A partir desses aumentos, o estudo apontou que os custos operacionais das empresas aumentaram entre 14% e 40%, com média em torno de 25% – dependendo da região e da composição da frota. Diante disso, para manter a viabilidade das operações, as empresas estimam ser necessário aumentar em mais de 10% os preços dos serviços.
“Quando o custo sobe na aplicação, ele sobe na lavoura. E isso, inevitavelmente, chega ao preço dos alimentos, das fibras e da energia”, destaca o diretor operacional do Sindag e economista Cláudio Júnior Oliveira, que realizou o estudo.
ABRANGÊNCIA
O levantamento abrangeu 30 empresas aeroagrícolas, que deram uma amostragem do setor em diferentes regiões do País – com presença em polos estratégicos da produção agrícola brasileira. Segundo Oliveira, esse movimento pode afetar diretamente o preço dos alimentos e, por consequência, a própria balança comercial brasileira, uma vez que a aviação agrícola atende os principais polos produtivos do País.
Conforme o estudo, em 2025 os 10 principais produtos agropecuários brasileiros representaram mais de 40% das exportações. Lista que abrange soja (em grão, farelo e óleo), milho, açúcar (cana), café, celulose (florestas comerciais) e algodão. Além das carnes bovina e de frango que também dependem da soja e do milho na ração animal. Para completar, 83% da produção agrícola está concentrada em oito Estados que, não por acaso, concentram 87% da frota aeroagrícola nacional: MT, RS, PR, GO, MS, MG, SP e BA.
IAVAG
O estudo também aponta a volatilidade recente do Índice de Inflação da Aviação Agrícola (IAVAG). Após um alívio momentâneo em fevereiro, influenciado por fatores como câmbio e etanol, a tendência se inverteu rapidamente, com previsão de alta superior a 6,75% em março, impulsionada principalmente pelos custos energéticos.
Resposta Institucional

Para o Sindag, o cenário é resultado de uma combinação de fatores internacionais — como a dinâmica do petróleo — e domésticos, o que torna o setor especialmente sensível a oscilações externas. “O combustível hoje é uma variável estratégica.

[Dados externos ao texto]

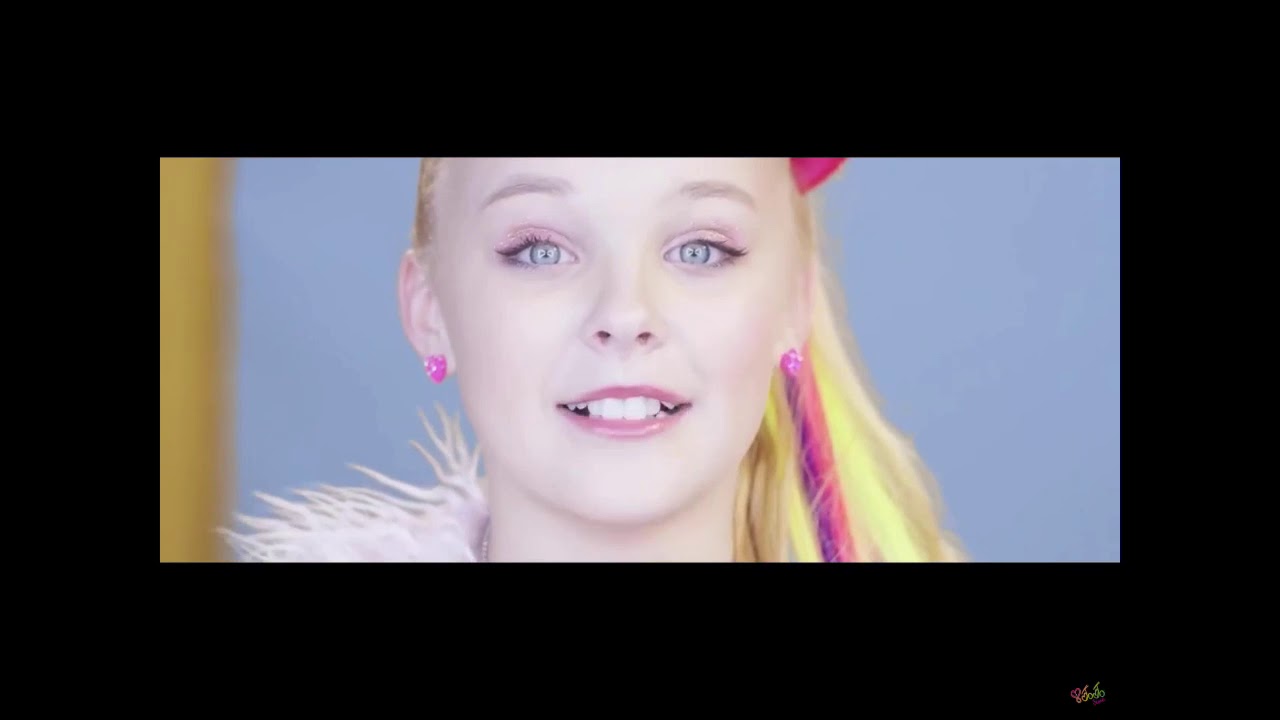 Every time Jojo Siwa says boomerang it gets slower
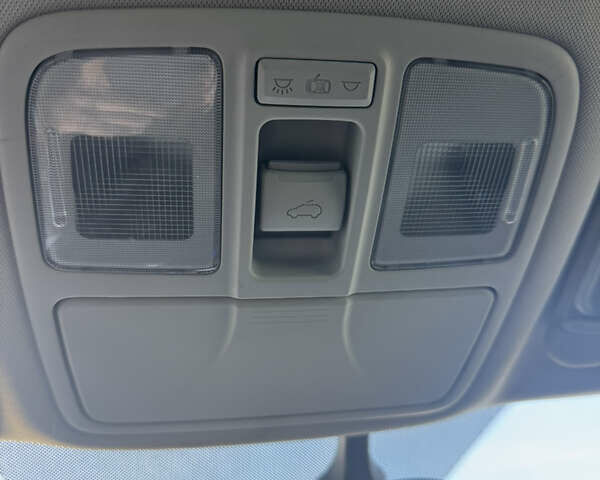 Белый Хендай их35, объемом двигателя 2 л и пробегом 157 тыс. км за 14000 $, фото 9 на Automoto.ua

Ele impacta diretamente a margem, a competitividade e a capacidade operacional das empresas”, afirma Oliveira.
Diante disso, a entidade está levando os dados da pesquisa ao Instituto Pensar Agro (IPA) e, a partir daí, à Frente Parlamentar da Agropecuária (FPA) e aos ministérios da Fazenda, da Agricultura e Pecuária e à Casa Civil, com a defesa de medidas de apoio, incluindo subsídios, para conter a escalada dos combustíveis.
Enquanto isso, segundo o diretor do Sindag, o setor já começa a se adaptar. “Empresas têm revisado contratos, ajustado operações e buscado maior eficiência para absorver parte dos custos.” Também cresce o interesse por alternativas mais estáveis, como o etanol, que apresentou menor variação no período e já movimenta cerca de 20% da frota aeroagrícola.
Ainda assim, o diagnóstico é de atenção. “Se esse cenário persistir, os efeitos não ficarão na aviação agrícola. Eles se espalharão por toda a economia”, conclui Oliveira.